### Aim of the task
Only the lines from the one containing "Paras (085/130) — card price" through the end of the data below are to be repeated, exactly as given, without pictures.

....

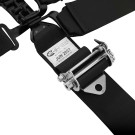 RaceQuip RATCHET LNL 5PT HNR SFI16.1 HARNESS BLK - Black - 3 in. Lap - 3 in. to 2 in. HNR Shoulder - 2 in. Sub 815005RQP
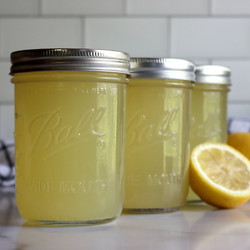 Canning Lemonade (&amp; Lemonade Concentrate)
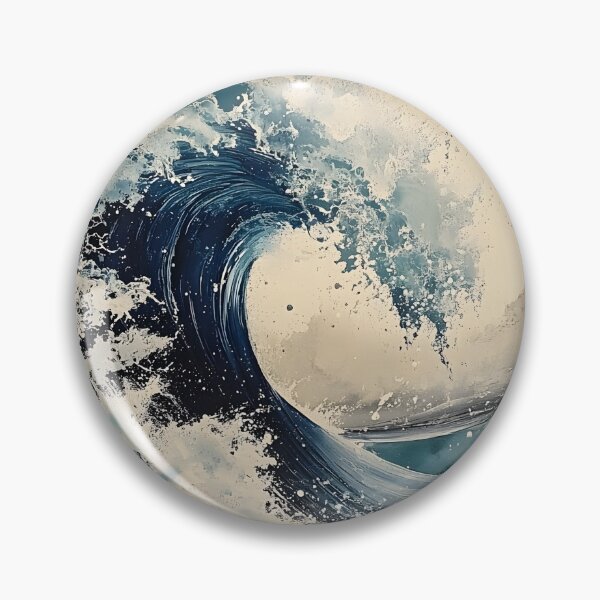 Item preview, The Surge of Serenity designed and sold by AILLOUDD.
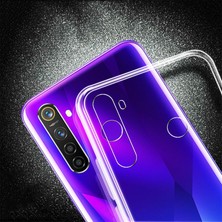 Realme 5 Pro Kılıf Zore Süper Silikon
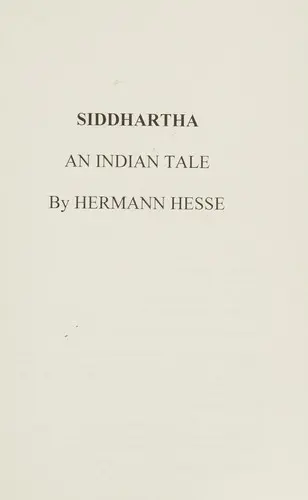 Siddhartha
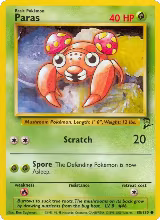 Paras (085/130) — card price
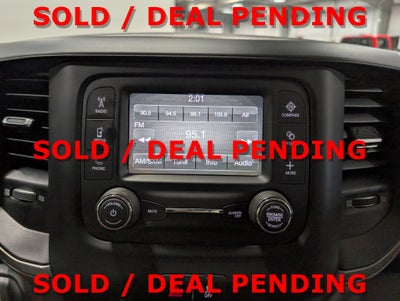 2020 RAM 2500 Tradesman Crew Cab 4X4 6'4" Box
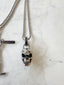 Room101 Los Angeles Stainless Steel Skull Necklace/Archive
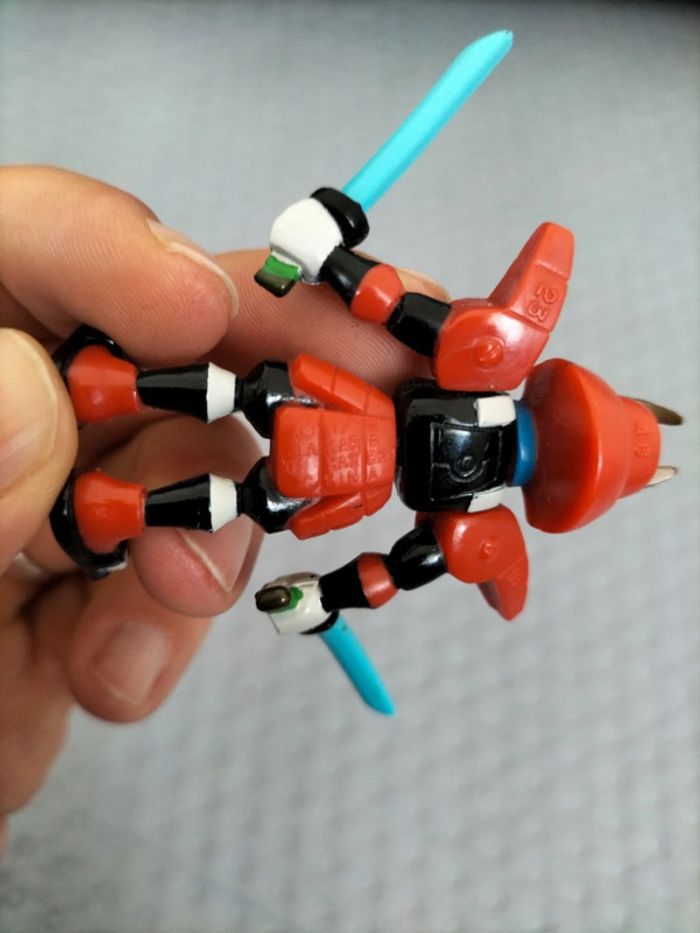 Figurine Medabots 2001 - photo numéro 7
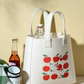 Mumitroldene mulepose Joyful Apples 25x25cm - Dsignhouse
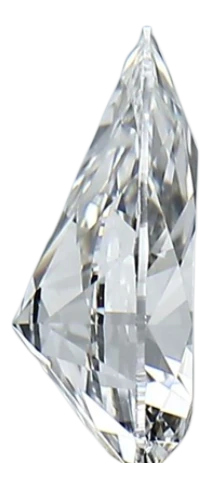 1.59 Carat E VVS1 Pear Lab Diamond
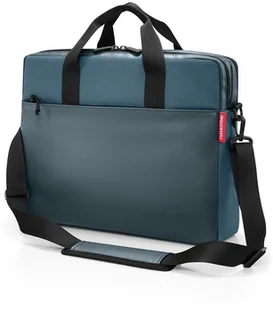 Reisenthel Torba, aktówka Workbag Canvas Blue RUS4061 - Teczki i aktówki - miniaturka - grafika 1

....

### Output of the task
 Paras (085/130) — card price
 2020 RAM 2500 Tradesman Crew Cab 4X4 6'4" Box
 Room101 Los Angeles Stainless Steel Skull Necklace/Archive
 Figurine Medabots 2001 - photo numéro 7
 Mumitroldene mulepose Joyful Apples 25x25cm - Dsignhouse
 1.59 Carat E VVS1 Pear Lab Diamond
 Reisenthel Torba, aktówka Workbag Canvas Blue RUS4061 - Teczki i aktówki - miniaturka - grafika 1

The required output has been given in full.